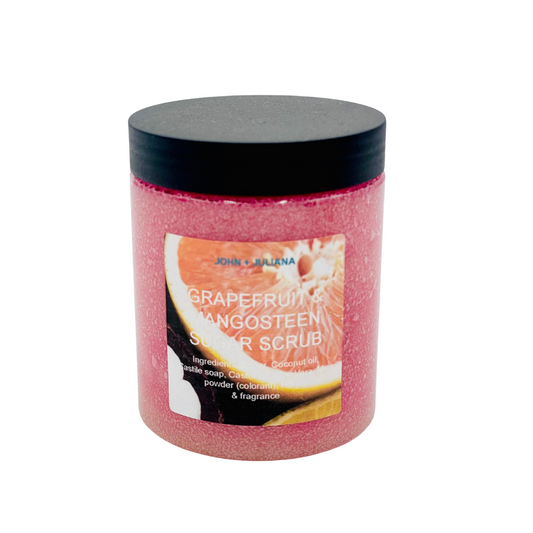 J+J Sugar Scrub | Grapefruit & Mangosteen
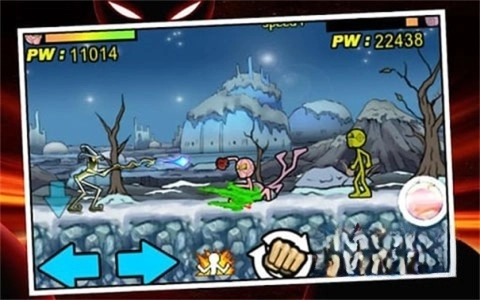 愤怒的火柴人3截图1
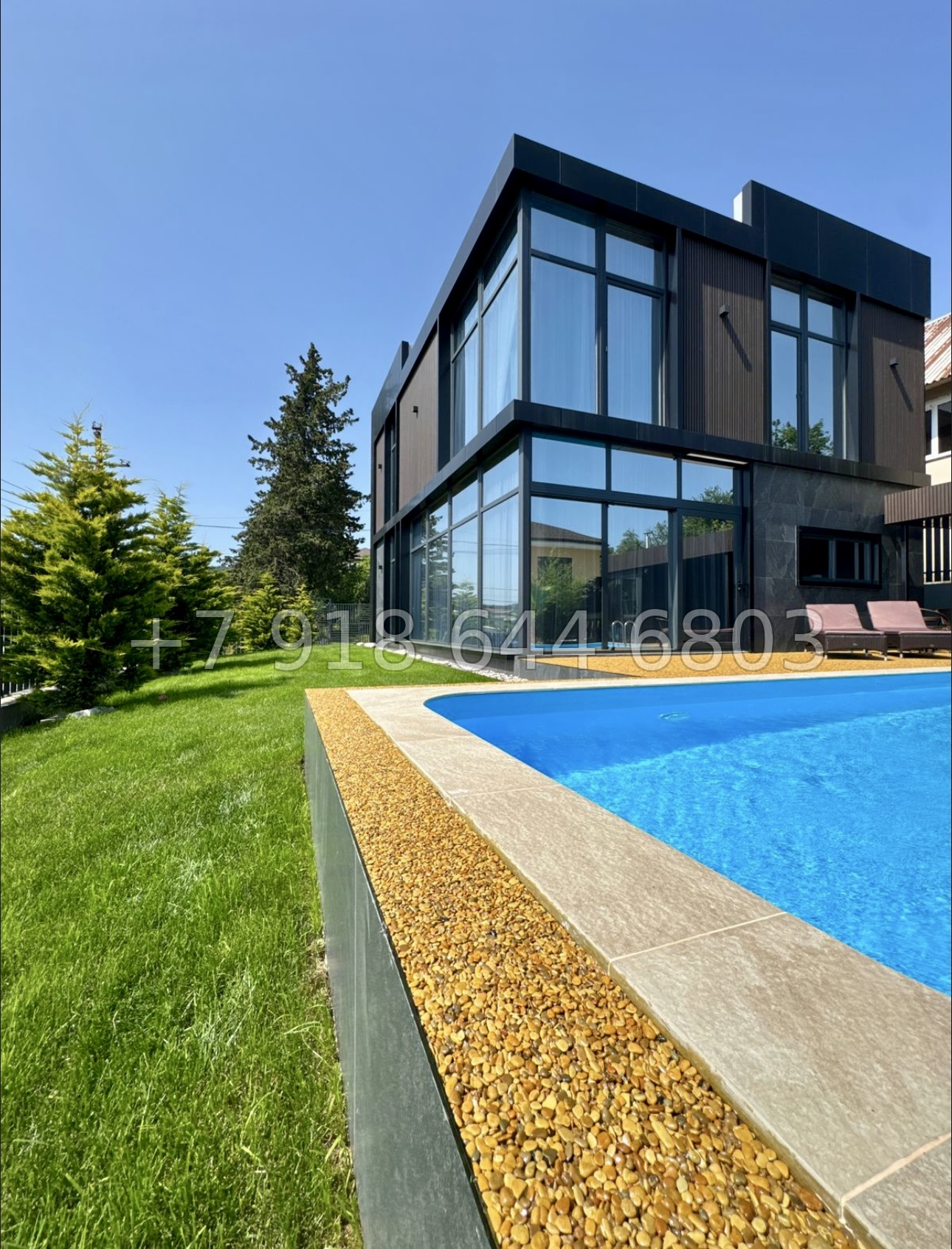 № 7 Б. Дом с видом на море в Адлере  - миниатюра 26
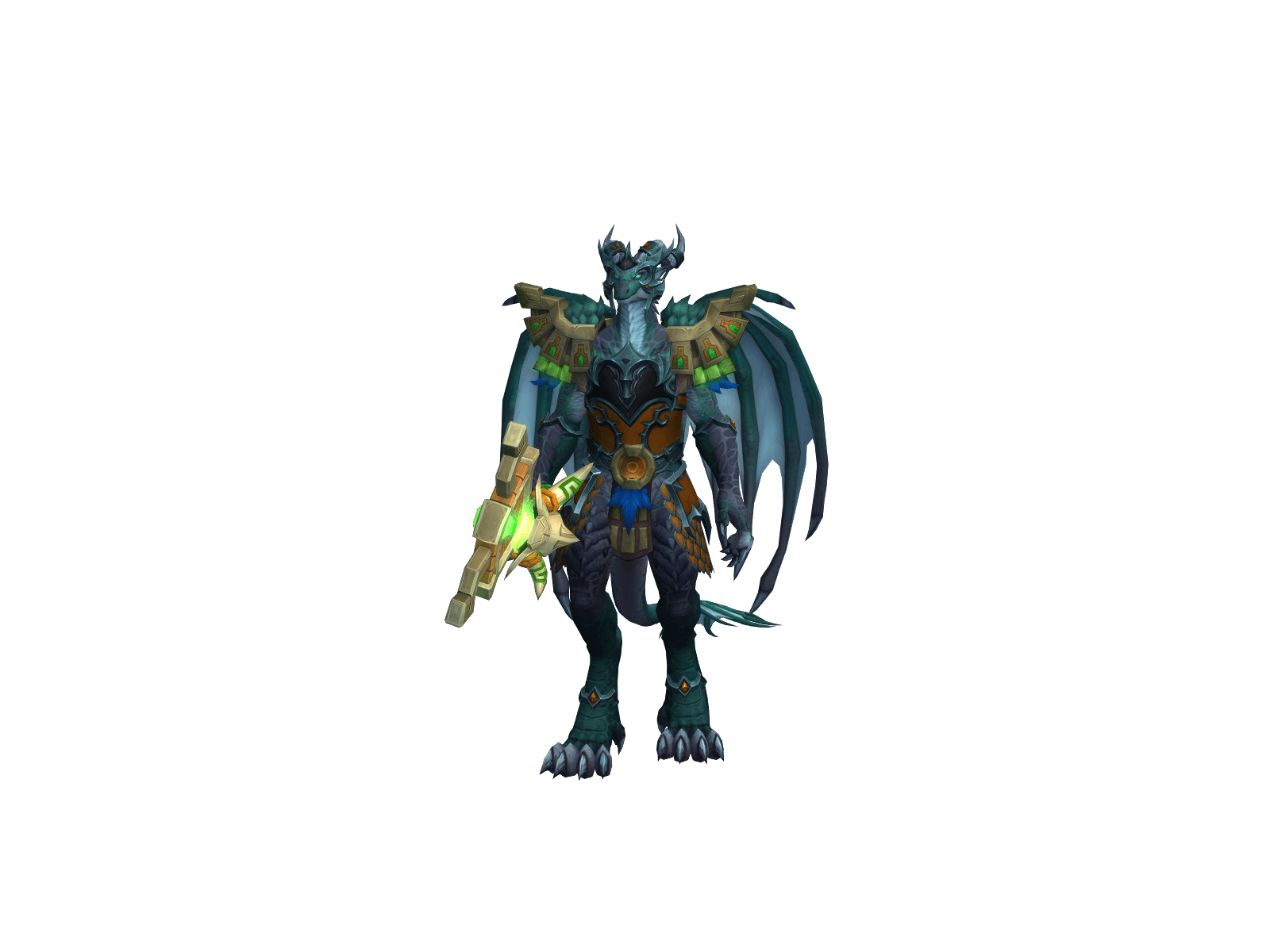 Full character render of Merapi
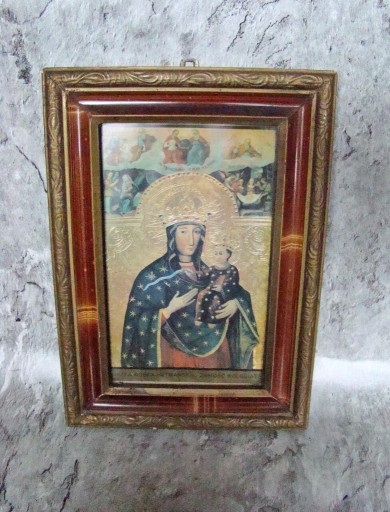 Zdjęcie oferty: Stary obraz Matka Boska Hetmańska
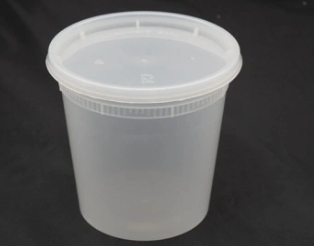 28oz square disposable food container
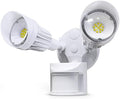 JJC 27.5W LED Motion Sensor Security Light, White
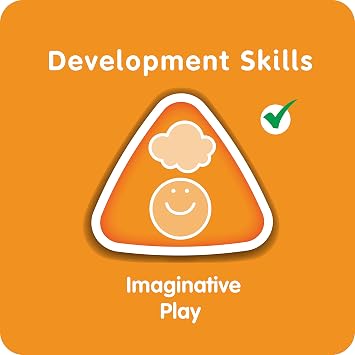 Early Learning Centre Wooden My Little Make Up Set, 9-Piece Imagination and Pretend Play Toy Make Up, Kids Toys for Ages 3 Up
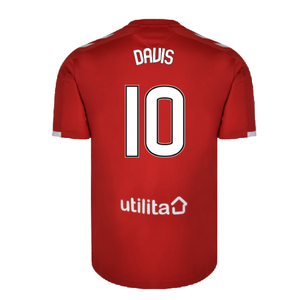 Rangers 2019-20 Third Shirt (M) (Mint) (DAVIS 10)_1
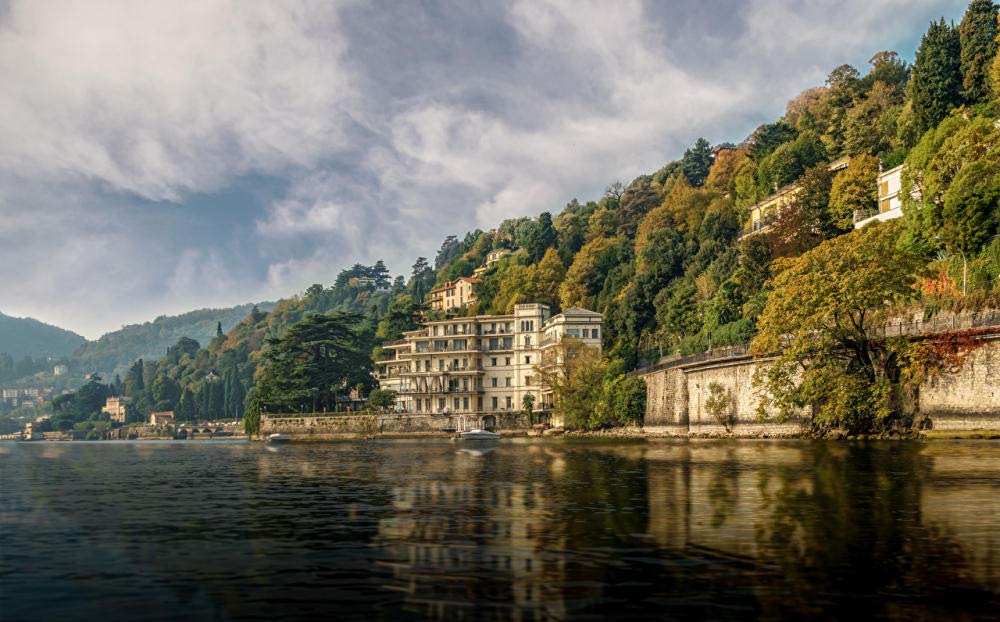 Venice Italy Hotel Villa Flori Como Lake Coast CitiesAdult puzzle children 1000 pieces wooden puzzle game gift home decoration special travel souvenir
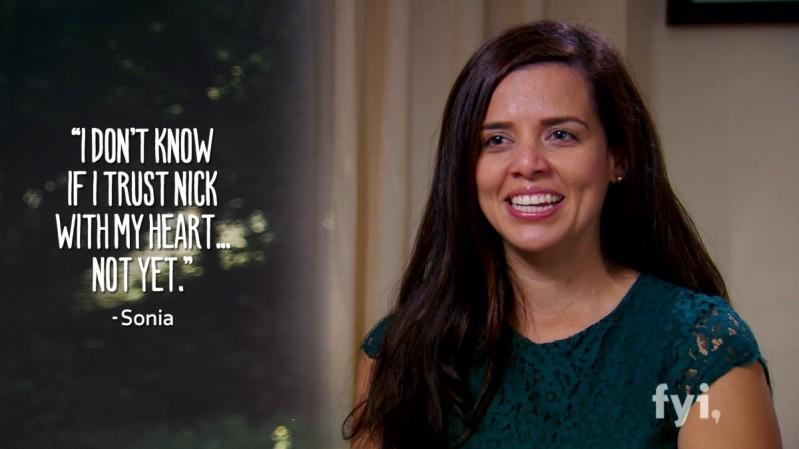 Nick doesn't wear his wedding ring in Married at First Sight reunion special. Married at First Sight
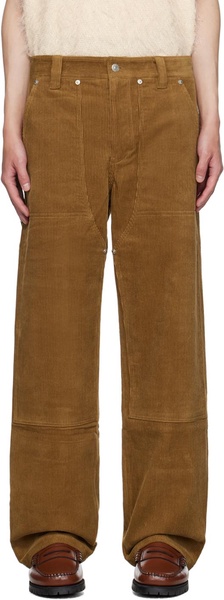 Brown Patch Trousers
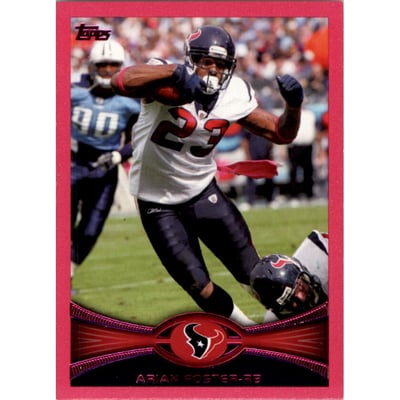 2012 Topps Pink #360 Arian Foster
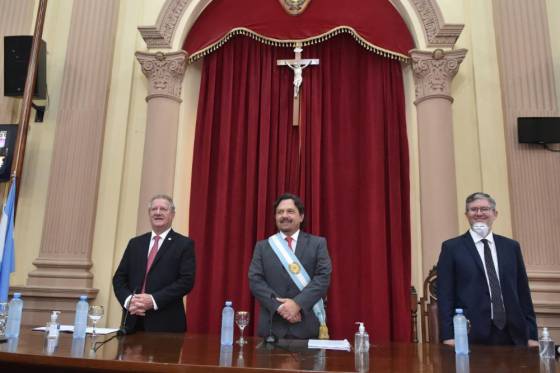 Asamblea Legislativa: Calificaron como “sincero, adecuado y firme” el mensaje de Sáenz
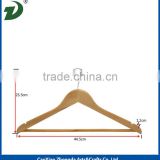 China wholesale wooden craft coat hangers
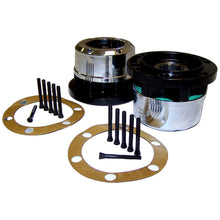 Load image into Gallery viewer, Crown Automotive Jeep Replacement 400501 Locking Hub Set for 41-71 CJs, MB, M38, M38-A1 w/ Spicer Style Axle Shafts for Select Jeep CJ3, Jeep CJ5, Jeep CJ6, Jeep Willys, Willys MB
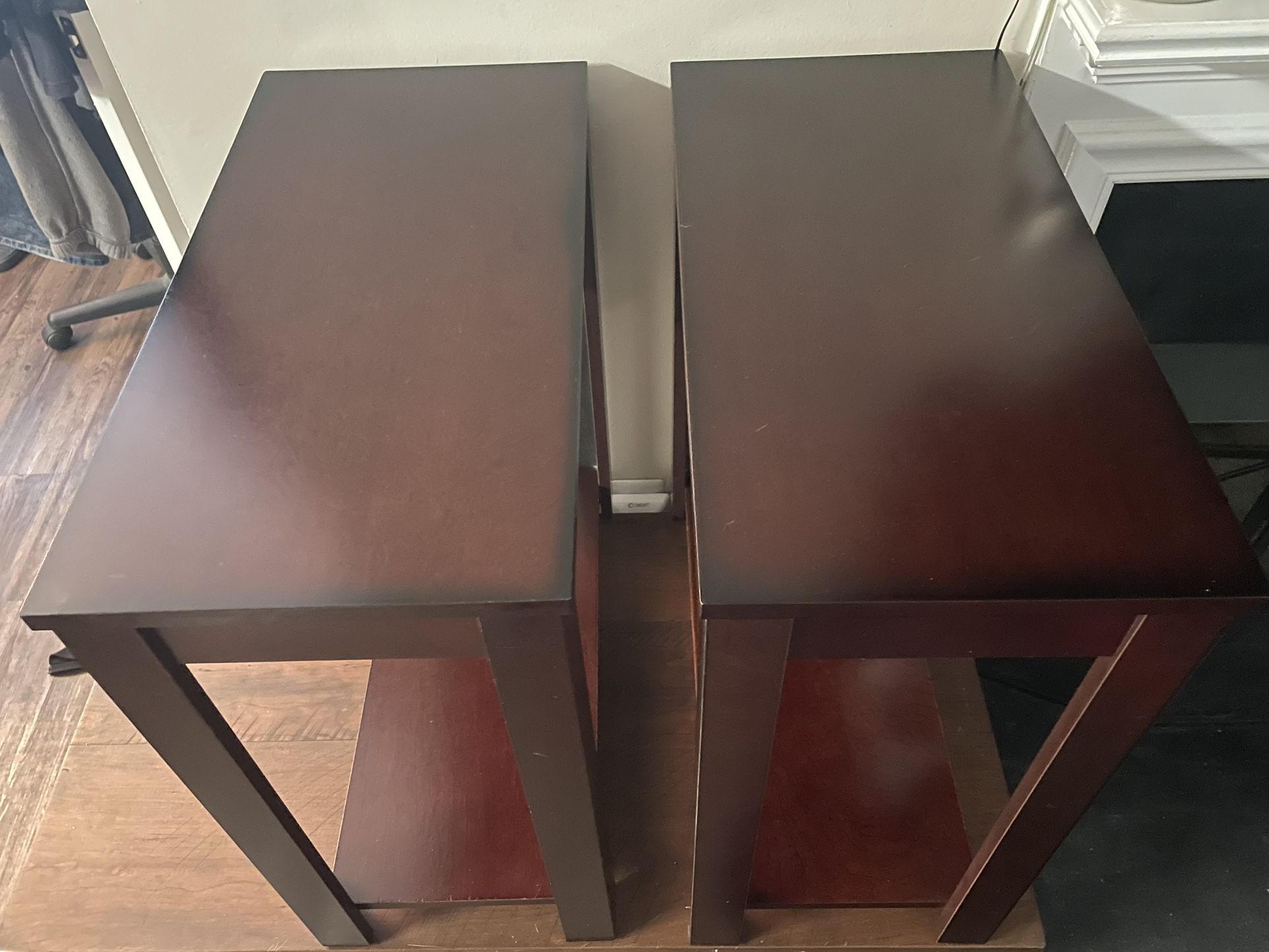 Pending Pickup: 2 Narrow End / Side Tables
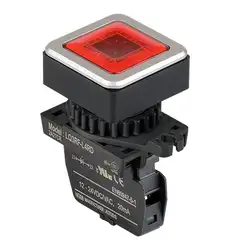 Сигнальная кнопка Autonics LQ3RF-L4RDM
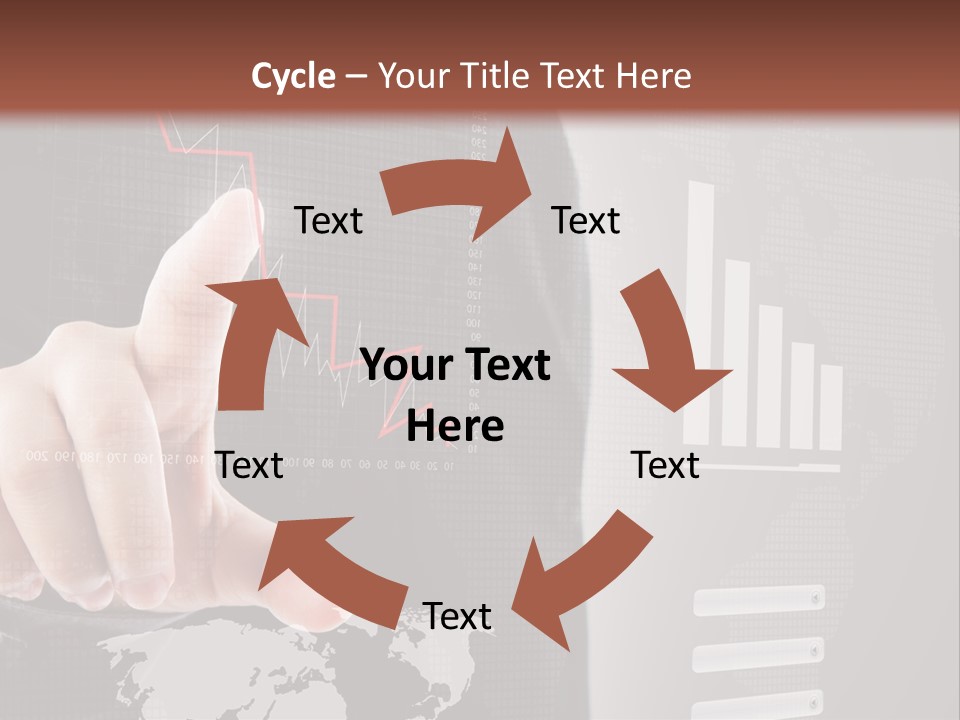 Success Increase Statistic PowerPoint Template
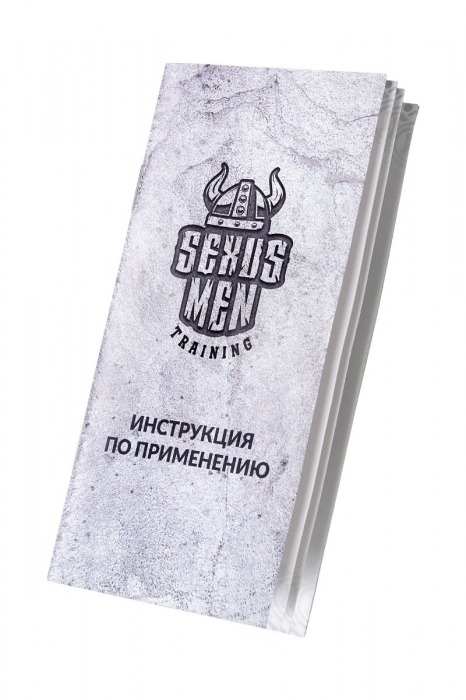 Прозрачная механическая помпа Aksel с вибрацией - Sexus - в Екатеринбурге купить с доставкой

_ _ _ _ _

> TASK BRIEF
Copy exactly the material above from the line with "Full character render of Merapi" to the line with "Venice Italy Hotel", ends included, and nothing else. Leave out any picture.

> FINAL ANSWER
 Full character render of Merapi
 Zdjęcie oferty: Stary obraz Matka Boska Hetmańska
 28oz square disposable food container
 JJC 27.5W LED Motion Sensor Security Light, White
 Early Learning Centre Wooden My Little Make Up Set, 9-Piece Imagination and Pretend Play Toy Make Up, Kids Toys for Ages 3 Up
 Rangers 2019-20 Third Shirt (M) (Mint) (DAVIS 10)_1
 Venice Italy Hotel Villa Flori Como Lake Coast CitiesAdult puzzle children 1000 pieces wooden puzzle game gift home decoration special travel souvenir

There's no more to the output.